Preparing your aquarium for a power outage

The best way to prep for a power outage is to have a solid backup power system in place. For your aquarium (and other important household items), consider having an uninterruptible power supply such as a generator on hand. You can purchase one of these through most office supply stores.
During a shorter power outage, you may be able to mitigate any aquarium issues by using a spare battery-operated air pump and keeping a good supply of batteries on hand. This will provide the necessary oxygen replacement and water movement in your tank until the power comes back.

What to do for your aquarium during a power outage

If your power goes out, complete the following steps to ensure that your fish remain safe:

  1. Check out the aquarium and other powered devices to see if the power has gone out all over your house, or if it’s only in some areas and your aquarium is still running fine
  2. If you have an uninterruptible power supply setup, ensure that it’s running properly and is supplying back-up power to your aquarium
  3. If you have a battery-operated air pump, place it in your tank, ensure that the batteries are new, and start it running (keep backup batteries nearby)
  4. If you’re using a battery-operated pump and your power is out for longer than five hours, complete a 25 percent water change to help keep water quality safe
  5. During the summer, you can float bags of ice cubes to add cool water and stabilize the temperature and oxygen content
  6. In the winter, wrapping the tank with a blanket — taking care to avoid covering the top — can help to keep the water warm
  7. Avoid feeding your fish when the power is out.

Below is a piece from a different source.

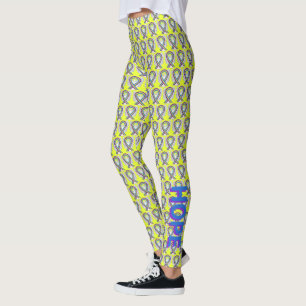 Vessie Cancer Sensibilisation Ruban Angel Leggings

Most fish — especially typical aquarium fish — can go multiple days without eating, and feeding during a power outage will increase the activity level of the fish, as well as their waste, which causes an accelerated loss of oxygen and a buildup of harmful ammonia and nitrites.
saltwater fishtank

Caring for your saltwater aquarium during a power outage

If you have a saltwater tank, you’ll want to ensure that many of the same systems are accounted for, including maintaining oxygen levels and keeping a system of moving water. Most saltwater fish can last for days without light, but maintaining oxygen levels is important. Without the help of an uninterruptible power supply, you can manually help supply oxygen to the tank and keep water moving by filling a cup or pitcher with tank water and pouring it back into the tank. Doing this — for a few minutes at a time every 10 to15 minutes — helps add oxygen to the water as well as circulate it through the tank.
A little preparation and forethought can go a long way to ensuring that your aquarium remains in a stable condition and continues to provide your fish with everything they need to ride out the outage.